The other report claims that Iran is going to the able to threaten Europe with long-range rockets and ballistic missiles.
There has been much discussion in recent weeks about North Korea and Iran sharing information and expertise regarding their ballistic missile and nuclear programs, but there are also now concerns about Iran assisting Syria with its chemical warfare program.
Senator Marco Rubio recently said that he is extremely concerned about reports that Russia and Iran played a very large role in developing Syrian President Bashar Assad’s chemical weapons program. He said that Congress and the Trump administration must make sure that Assad is held accountable for what can only be considered a war crime and the enablers of this should face very harsh sanctions.
President Trump has a deadline of 15th October to inform Congress of his decision about decertifying or recertifying Iran’s compliance with the nuclear deal. He has recertified Iran’s compliance, albeit reluctantly, on two previous occasions.

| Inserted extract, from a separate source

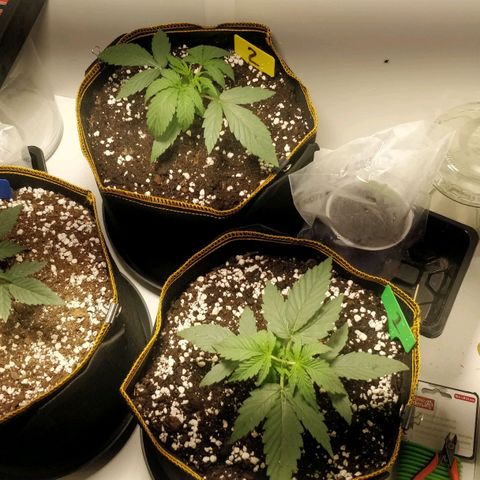 Creme-de-la-Chem x Skywalker growlog timeline photo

However, it is thought that he will decertify Iran this time with the argument that the deal does not serve the national security interests of the United States.
Congress will have 60 days to decide about re-imposing sanctions that crippled Iran’s economy before they were lifted when the nuclear agreement was implemented. It is expected that Trump will encourage Congress not to re-impose these sanctions because it will give him a chance to address all those issues that were ignored in the nuclear deal.